Instructions for the task: Below are the records; return every line from the one that contains "Skorter | LumoGlobe" to the last, exactly, skipping the pictures.

╭──

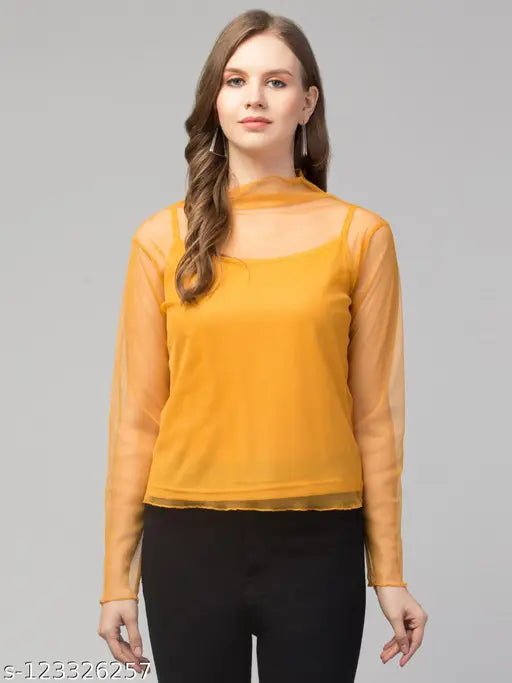 Women Girls Solid Mesh Tops & Tunics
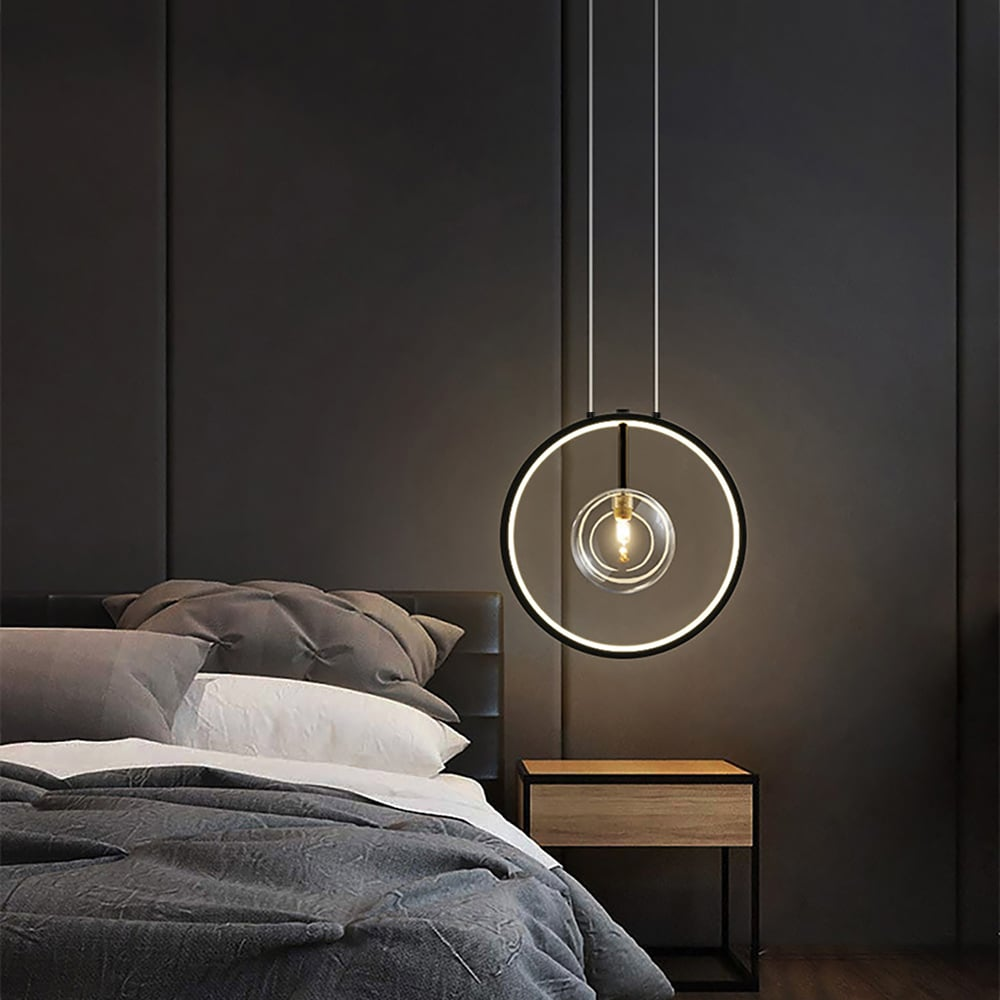 Skorter | LumoGlobe – Minimalist Black Pendant Lamp with Glass LED Sphere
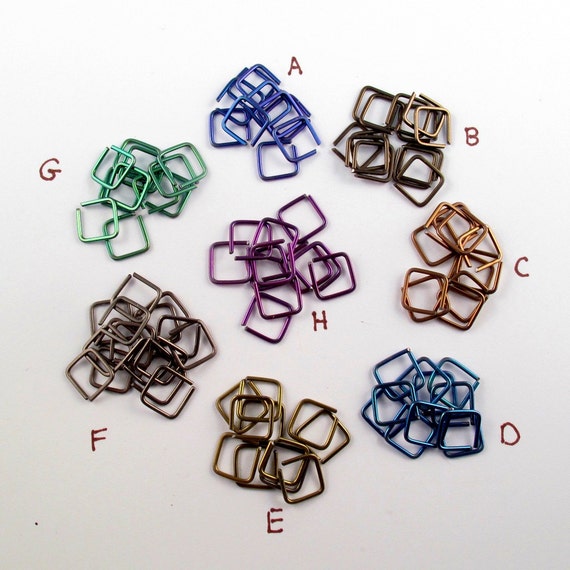 Niobium Septum. Niobium CARTILAGE Hoop. Niobium Conch - Square HOOP - Nose Ring -  Piercing - Geometric - Coloured Niobium Jewelry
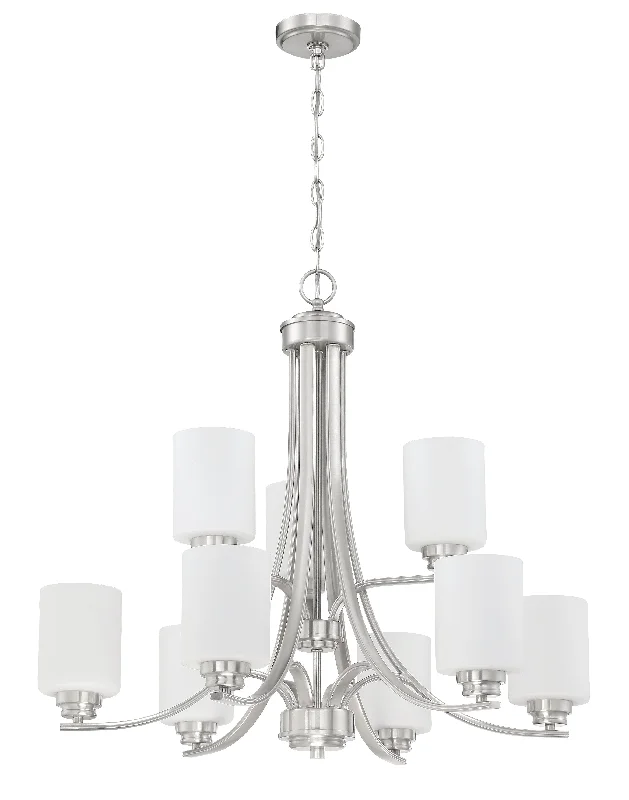 Large Chandeliers for Grand Halls and FoyersLarge Chandeliers for Grand Halls and FoyersBolden 9 Light Chandelier in Brushed Polished Nickel (White Glass) Large Chandeliers for Grand Halls and FoyersLarge Chandeliers for Grand Halls and FoyersBolden 9 Light Chandelier in Brushed Polished Nickel (White Glass)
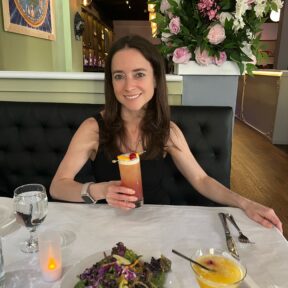 Jackie enjoying a cocktail and Nepalese food at Himalaya Sono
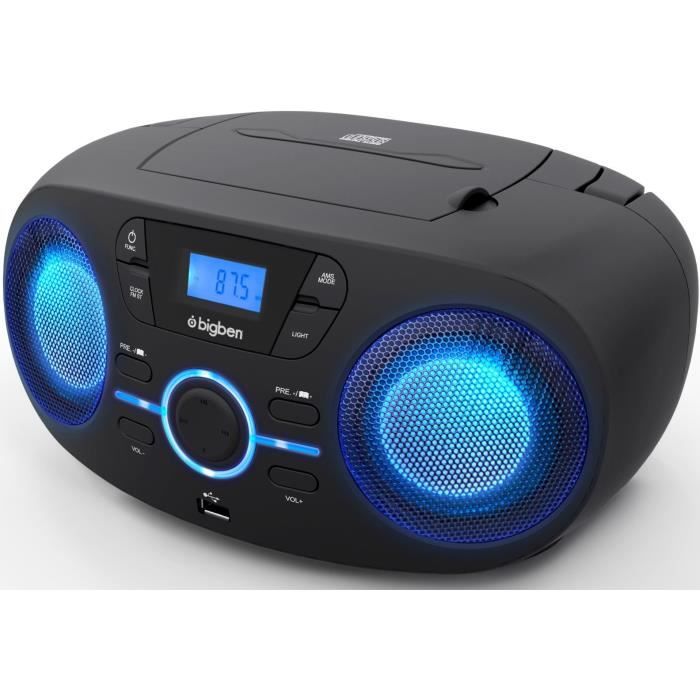 BIGBEN CD61NUSB LECTEUR CD/USB/RADIO portable avec effets lumineux - Noir -  Cdiscount TV Son Photo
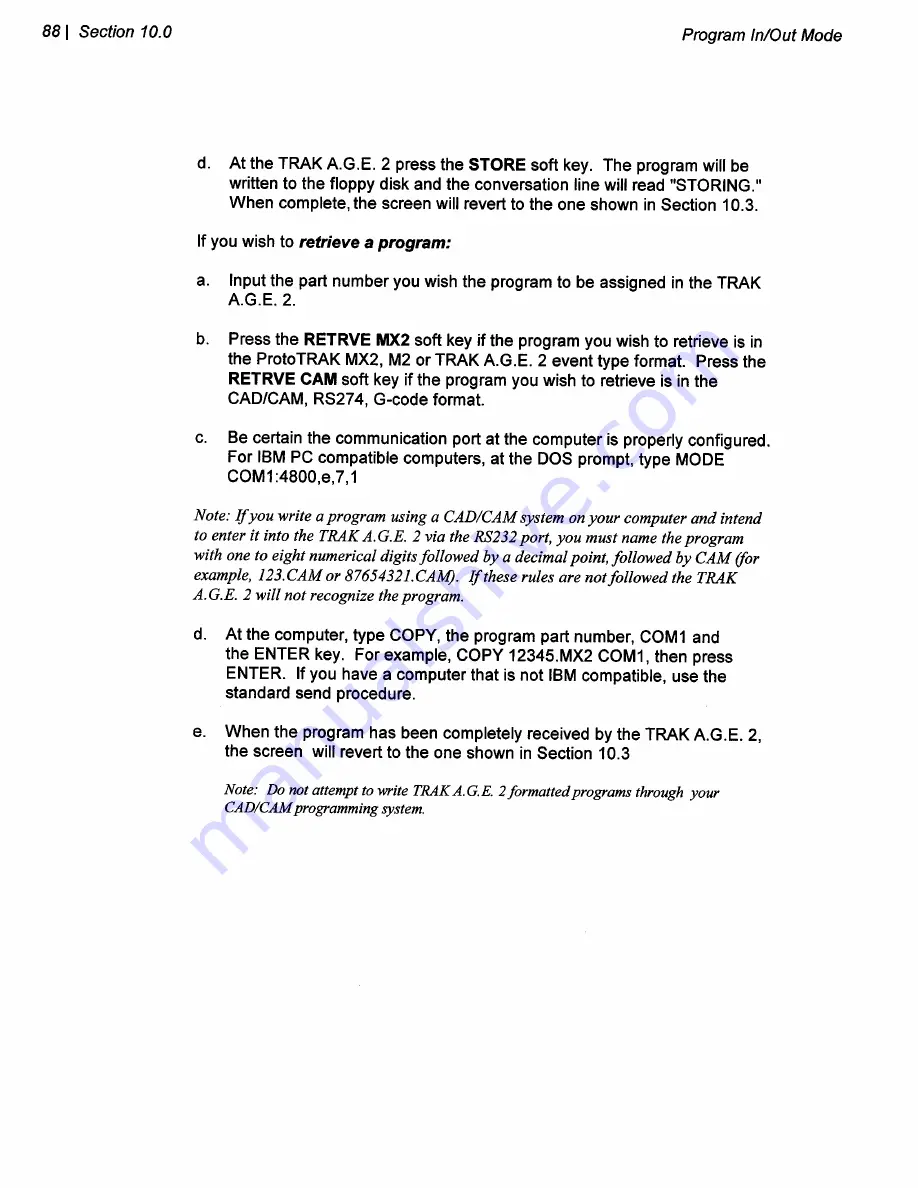 Southwestern Industries TRAK A.G.E. 2 Programming And Operating Manual Download Page 87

╰──

Exercise result:
 Skorter | LumoGlobe – Minimalist Black Pendant Lamp with Glass LED Sphere
 Niobium Septum. Niobium CARTILAGE Hoop. Niobium Conch - Square HOOP - Nose Ring -  Piercing - Geometric - Coloured Niobium Jewelry
 Large Chandeliers for Grand Halls and FoyersLarge Chandeliers for Grand Halls and FoyersBolden 9 Light Chandelier in Brushed Polished Nickel (White Glass) Large Chandeliers for Grand Halls and FoyersLarge Chandeliers for Grand Halls and FoyersBolden 9 Light Chandelier in Brushed Polished Nickel (White Glass)
 Jackie enjoying a cocktail and Nepalese food at Himalaya Sono
 BIGBEN CD61NUSB LECTEUR CD/USB/RADIO portable avec effets lumineux - Noir -  Cdiscount TV Son Photo
 Southwestern Industries TRAK A.G.E. 2 Programming And Operating Manual Download Page 87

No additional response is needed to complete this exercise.